The Saudi Arabian authorities are about to carry out the public flogging of a 13-year-old girl charged with assaulting a teacher at her school.
King ‘Abdullah Bin ‘Abdul ‘Aziz Al-Saud must intervene immediately to ensure that the flogging sentence is immediately rescinded. He must also take steps to reform Saudi Arabian law and criminal procedure to ban the use of cruel, inhuman and degrading punishment, in particular floggings of children.
The full details of the charges against the girl, as well as the nature of the alleged assault, are currently unclear. However, it appears that the alleged assault occurred after the girl was caught in school with a mobile phone equipped with a camera. Such phones had been banned at the school.
The case follows a media report in December that the Minister of Interior had ordered that the flogging sentences imposed on an elderly woman and two men for khilwa in March 2009 should be carried out.
Khilwa is the offence of being caught alone in private with a member of the opposite sex who is not an immediate family member.
Khamisa Mohammed Sawadi, a 75-year-old Syrian woman, and one of the men were sentenced to 40 lashes and four months’ imprisonment. The other man was sentenced to 60 lashes and six months’ imprisonment by a court in the town of al-Shamli, north of Riyadh.
The criminalisation of khilwa is a violation of the rights to freedom of expression and to privacy as set out in international human rights standards,” said Claudio Cordone.
The flogging sentences imposed on Khamisa Mohammed Sawadi and the two men sentenced with her should be rescinded.
Flogging is mandatory in Saudi Arabia for a number of offences and can also be used at the discretion of judges as an alternative or in addition to other punishments.
Sentences can range from dozens to tens of thousands of lashes, and are usually carried out in instalments, at intervals ranging from two weeks to one month. The highest number of lashes imposed in a single case recorded by Amnesty International was 40,000 lashes.

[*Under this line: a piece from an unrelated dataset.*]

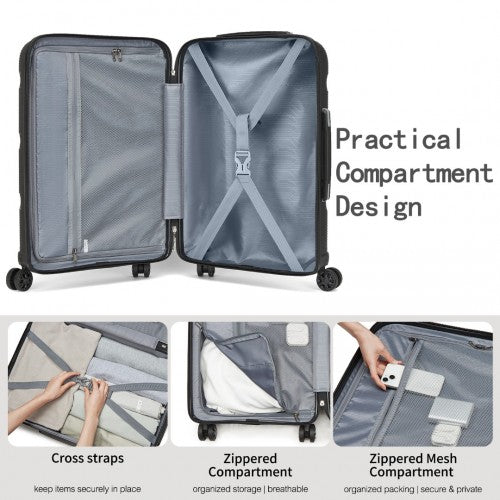 Kono 19 - Inch PP Hardshell Carry - On Suitcase - Lightweight Cabin Luggage with TSA Lock, 360° Silent Spinner Wheels - Black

They were imposed in 2009 in a case of a man tried on murder charges.
The use of corporal punishments such as flogging violates the absolute prohibition against torture and other cruel, inhuman or degrading treatment or punishment set out in the Convention against Torture and Other Cruel, Inhuman or Degrading Treatment or Punishment, to which Saudi Arabia is a state party.
The UN Special Rapporteur on Torture has stated that “corporal punishment is inconsistent with the prohibition of torture and other cruel, inhuman or degrading treatment or punishment.”